But in the case of twin towers falling down like an implosion, well, they did not, I don't know why people keeps claiming that. At first it may look so, but if you see the videos of the collapse of the Twin Towers, you can see how the lower part tears and rip apart as the upper part crushes it. You can see the building actually opening like a flowers as it is destroyed. Unlike a controlled demolition when it fells relatively intact until it is destroyed as it hits the ground.







I have to put these videos, those are the most moronic conspiration theories I've heard. I can't understand, as I said, people claiming that 7WTC was imploded, Even can understand people claiming the Pentagon was not hit by a plane, But people claiming that no planes hit the WTC and the countless videos we've seen are fake (And I guess they implanted memories on the witnesess) is as moronic as it can be.
I Wnder if that people are really serious.











I am also posting this because I find it pretty interesting. It shows the broadcast of six stations (NBC, CBS, BBC, CNN, FOX, ABC) simultaneously during 15 minutes, from the moment the first plane hit until the second one does. You can see how one by one interrupts their regular programs to report the breaking news, of course not knowing what exactly happened at first. The first one reporting is CNN, the last one is BBC, of course this is located in England, so it is not local news for them.


----------



## JuanPaulo (Feb 26, 2004)

DemolitionDave said:


> Steel has a nearly instantaneous failure mode. Concrete not so much.
> 
> The weight of the building and gravity. I make a lot of money off of gravity. It's free.

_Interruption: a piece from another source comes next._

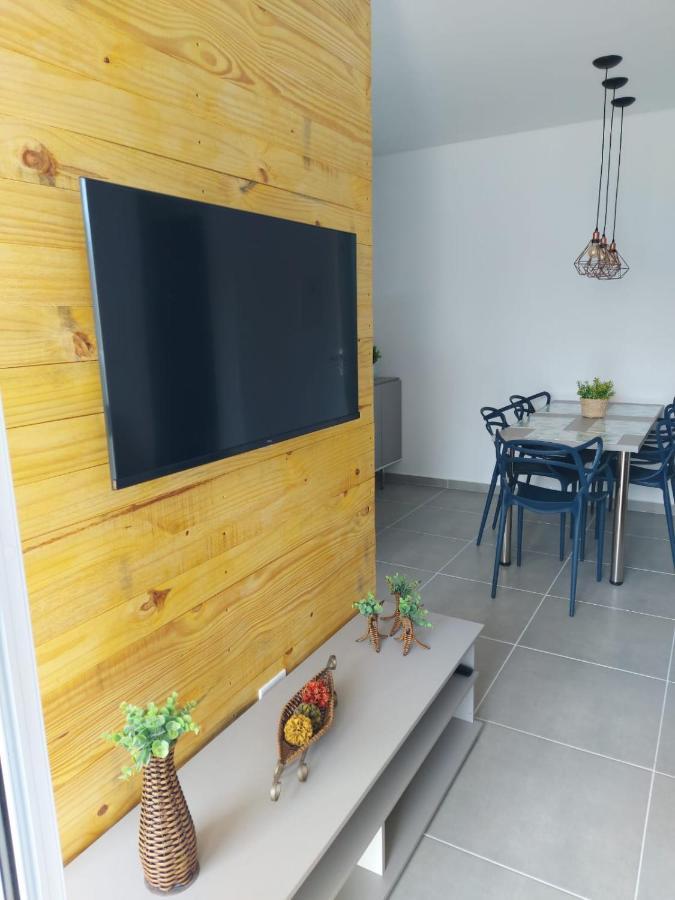 Apartamento Completo Em Ubatuba - Tenorio - Piscina E Churrasqueira Gourmet 外观 照片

This is inaccurate. Steel is actually much more ductile than concrete. A ductile steel failure (other than a instability related failure) will show signs of impending failure (yielding) and usually will go in to plastic behavior (permanent deformation) before failure. Concrete, on the other hand, is brittle and fails without any warning. A ductile steel failure will alwyas be more desirable than a brittle concrete failure. That is the way structures are designed, actually.


----------



## DemolitionDave (Mar 22, 2007)

JuanPaulo said:


> This is inaccurate. Steel is actually much more ductile than concrete. A ductile steel failure (other than a instability related failure) will show signs of impending failure (yielding) and usually will go in to plastic behavior (permanent deformation) before failure. Concrete, on the other hand, is brittle and fails without any warning. A ductile steel failure will alwyas be more desirable than a brittle concrete failure. That is the way structures are designed, actually.



Wrong. I take it you have never demolished a building. It's just the opposite.


----------



## JuanPaulo (Feb 26, 2004)

DemolitionDave said:


> Wrong. I take it you have never demolished a building. It's just the opposite.


I am a structural engineer. Steel is more ductile than concrete. It is strength of materials 101.


----------